PDCA - One Blog

Welcome to the first Dexter cattle blog to disseminate information for members of the Purebred Dexter Cattle Association of North America (PDCA) and for those with a curiosity about Irish Dexter cattle, cattle in general, as well as news from the PDCA. Expressions of opinion are to not be regarded as expressing the official opinion of the PDCA unless expressly stated. Hopefully you will find something here of interest and don't overlook browsing through the archives. Comments are welcomed.

Wednesday, March 29, 2006

Cattle & Lead Poisoning

Lead Poisoning

John H. Kirk, DVM, MPVM
Veterinary Medicine Extension
University of California Davis - Tulare, CA

One of the frequently encountered poisonings in cattle by the California Animal Health and Food Safety Laboratory is lead poisoning. Lead poisoning most commonly occurs in cattle when they ingest some form of lead. The common sources of lead in these cases are lead paint pigments from discarded boards or paint cans, electric storage batteries, used motor oil, grease from engines fueled with leaded gas and putties from plumbing fixtures.
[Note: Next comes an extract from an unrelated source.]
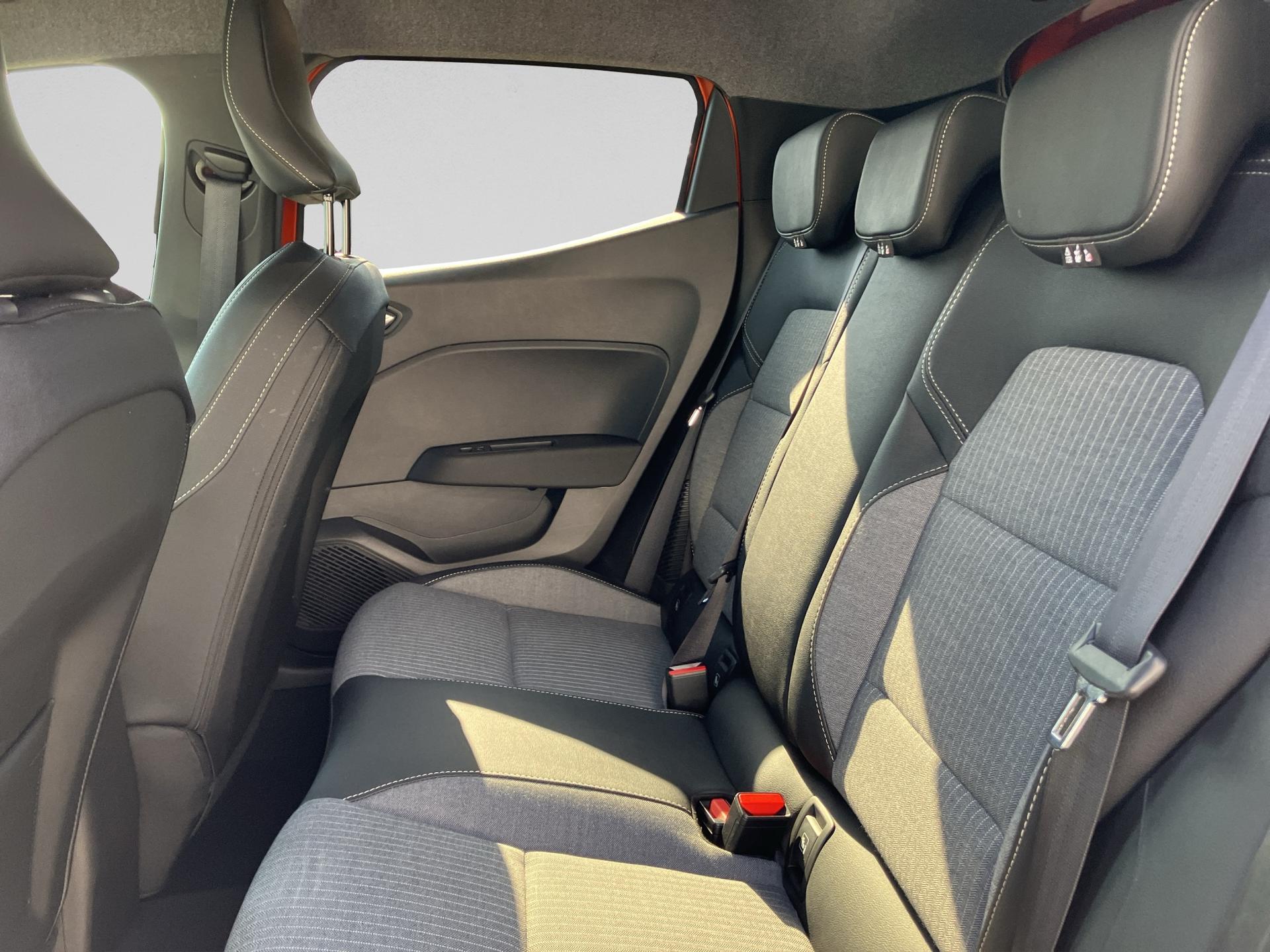 RENAULT Clio 1.6 E-Tech Techno-image-14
In a recent CAH&FS report, old auto batteries were found in a pasture where lead poisoning occurred and small pieces of the batteries were found in the rumen content of dying calves from the pasture. While lead gunshot is a current concern of beef processors, it not likely to cause lead poisoning in cattle unless fatally wounded.

The clinical signs of lead poisoning are usually related to central nervous system derangements even though the major necropsy findings maybe in the GI tract, liver and kidneys. The clinical signs may include any or all of the following:

Bawling with an altered voice
Frequent urination
Muscle trembling
Champing of jaws resulting in lots of salivation, slobbering and choking
Twitching of ears or lips
Rolling back of eyeballs
Walking in circles or head pushing on objects
Blindness and walking into objects

Most animals are also off feed and frequently constipated.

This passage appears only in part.